SCAD Museum of Art presents “Huh,” an exhibition by Dutch artist Lily van der Stokker. Her multifarious approach to artmaking embraces the joys and foibles of domesticity and relationships. Through painting, sculpture and installation, as well as a blurring of these distinct disciplines, van der Stokker immerses viewers in an environment of saccharine happiness. In the exhibition, the artist explores constructed ideas of femininity and the body though an exuberant embrace of pinks, and motifs like flowers and curlicues.

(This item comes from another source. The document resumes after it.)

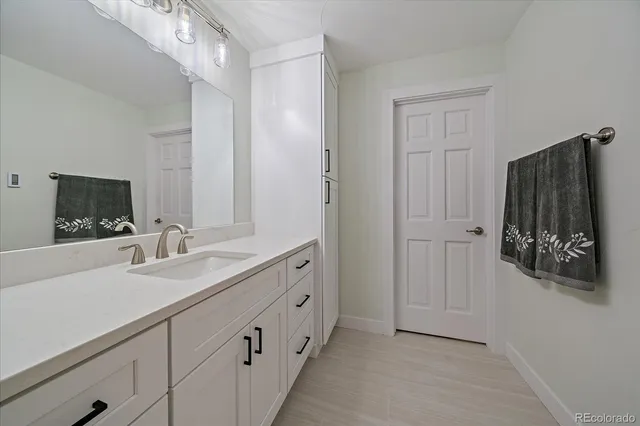 a bathroom with a double vanity sink and mirror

Suggestions of the body are found in cartoonish forms; two large wall paintings pair short sayings like “nice being here on the left side,” “nice being here on the right side” or “laying here together” with lumpy anthropomorphic twosomes. While these wall paintings tower over viewers, they are inviting and pleasant. Their limp bodies are adorned in floral elements and painted in the style of a doodle, evoking friendly cartoon giants. Text in other sculptures and paintings is similarly affable, innocuous or passive, like “Best Regards” or the exhibition’s namesake “Huh.”

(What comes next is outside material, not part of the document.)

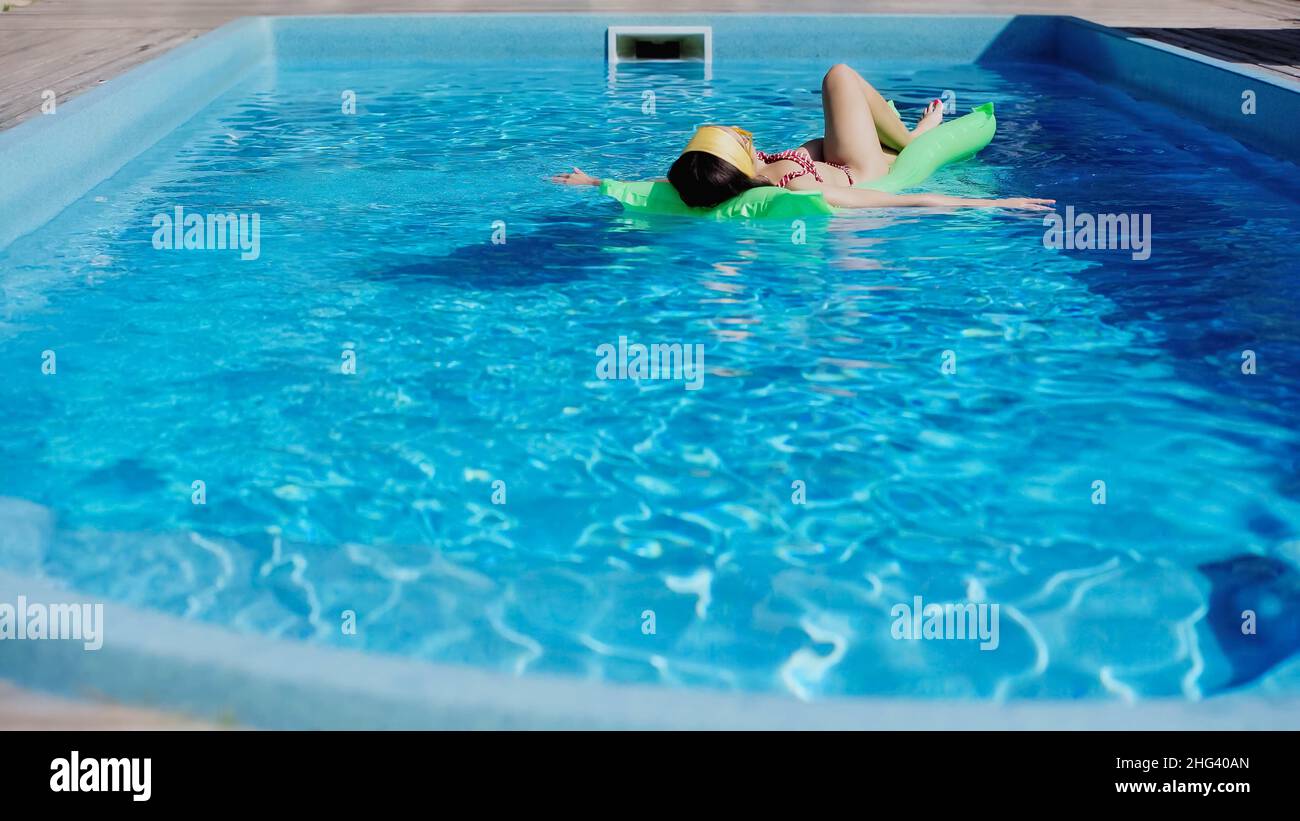 Junge Frau, die im Pool schwimmt, schwimmt im blauen Wasser Stockfoto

Van der Stokker’s sculptures and paintings explore traditional ideas and clichés of femininity, while radically turning them on their heads through ownership and assertion. All of the works in “Huh” are executed in shades of pink. The color, culturally assigned to young girls, has come to represent youth, girlishness or frivolity. Through the enthusiastic, brazen embrace of pink, van der Stokker questions this coding. The artist flips the idea of optimistic color as unintelligent and employs happiness and optimism as her greatest strengths.
In addition to color, nods to tidiness and cleanliness in the domestic space are referenced in select sculptures with small shelves holding toilet paper rolls, precisely placed and untouched. The toilet paper rolls bring another element of low cultural status to the exhibition. While pleasant and tidy, they encapsulate the endeavors of the artist to present viewers with harmless imagery, while ultimately critiquing traditional roles of women.
This exhibition is part of SCAD deFINE ART 2018, held Feb. 20–23 at university locations in Savannah and Atlanta, Georgia, and Hong Kong. SCAD deFINE ART is an annual program of exhibitions, lectures, performances and public events that highlights emerging and established artists and visionaries.